If you’re not entirely sure what a NAS actually is, well, unlike the best SSDs, they’re essentially hard drives that are integrated into your network through Ethernet. They act as shared storage devices between any and all devices on your network – some NAS devices will even let you access remotely via internet, essentially creating your own cloud storage. Cloud storage that you control.
The best thing about NAS devices is that you don’t need all of your devices to use the same platform to access them. They will support basically any operating system you can think of. However, finding the one you need can be a challenge.
And that’s why we’ve created this list of the best NAS devices that we have personally tested and/or reviewed in-house at TechRadar. You can be confident that every device listed here will not only be worth the money, but also perform in exactly the way you need them to.
1. WD My Cloud Personal
Capacity: 2TB, 3TB or 4TB | Interface: USB 3.0, Gigabit Ethernet | Features: Remote file access, DLNA, iTunes Server
Easy to set up
Setup can be fiddly
Apps not great
WD has achieved quite considerable success with its unashamedly consumer-friendly My Cloud products, which can stream to any DLNA-compliant device and can be accessed via mobile apps for iOS and Android.
Labeled as a ‘personal cloud,’ it’s a NAS box by any other measure and starts at 2TB of storage (you can also get it in 3 or 4TB). As it’s a one-bay unit, it can’t back itself up to a drive inside the unit, but it can back up to an external hard drive via a USB port on the back.

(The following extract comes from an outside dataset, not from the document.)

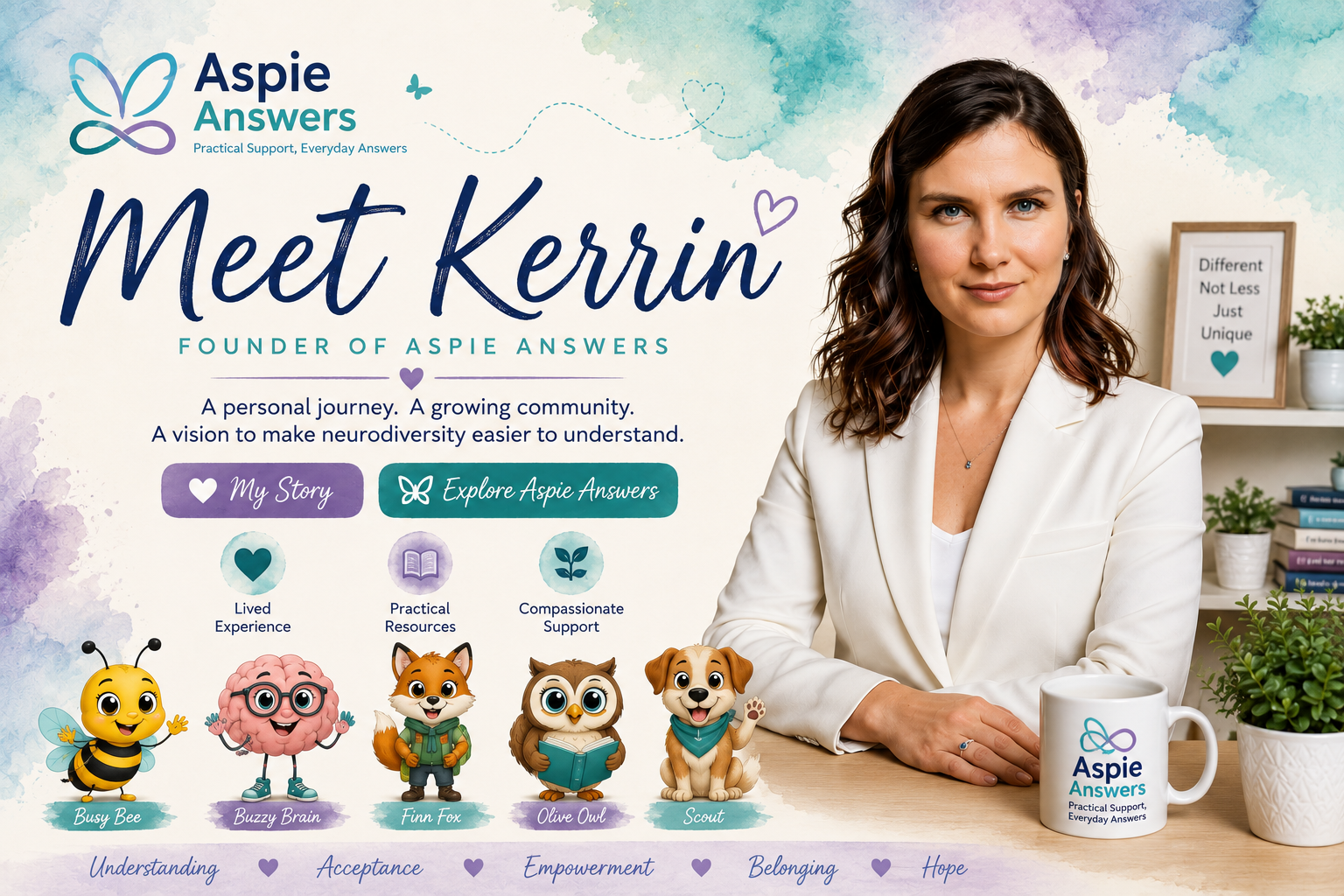 Meet Kerrin, founder of Aspie Answers, with the Aspie Answers companion characters.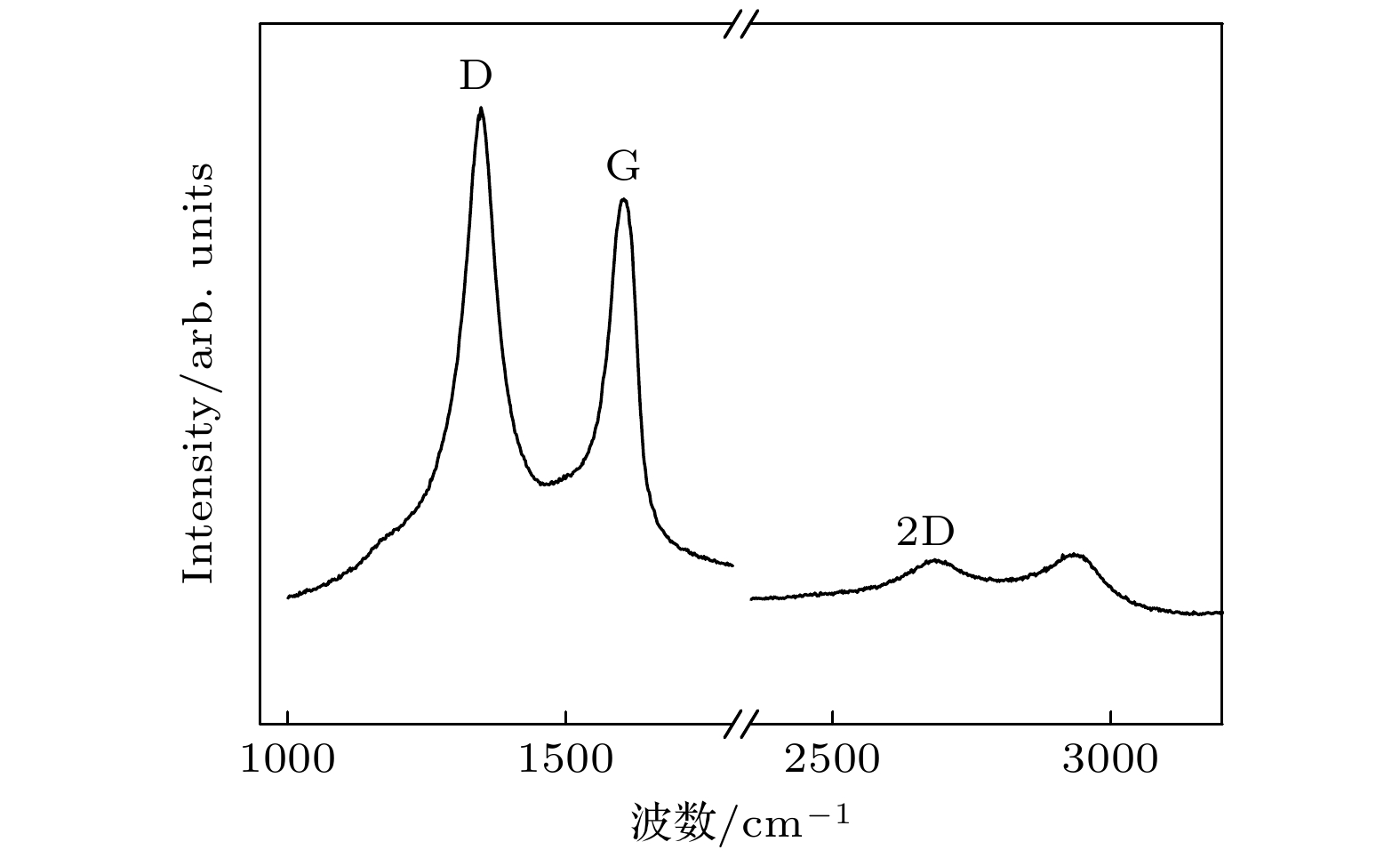 激光诱导聚合物制备石墨烯研究进展及应用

2. Seagate Personal Cloud 2-Bay
Convenient network storage
Capacity: 4TB, 6TB or 8TB | Interface: Gigabit Ethernet | Features: Remote file access, media server software, RAID support
Easy to use
Not that fast
Not that flexible
Picking up on the ‘personal cloud’ theme, this unit from Seagate takes its lead from My Cloud, but it offers far larger capacities, along with dual bays for two hard drives. This allows the Seagate Personal Cloud 2-Bay NAS device to mirror the files on one hard drive to a second one, giving you protection in case one of those drives fails.
We also like the no-fuss appearance of this unit, meaning it can sit nicely under a router or on a shelf. It works with cloud accounts, including Dropbox and Google Drive, and you can also use an app to share content to streamers, including Chromecast and Roku.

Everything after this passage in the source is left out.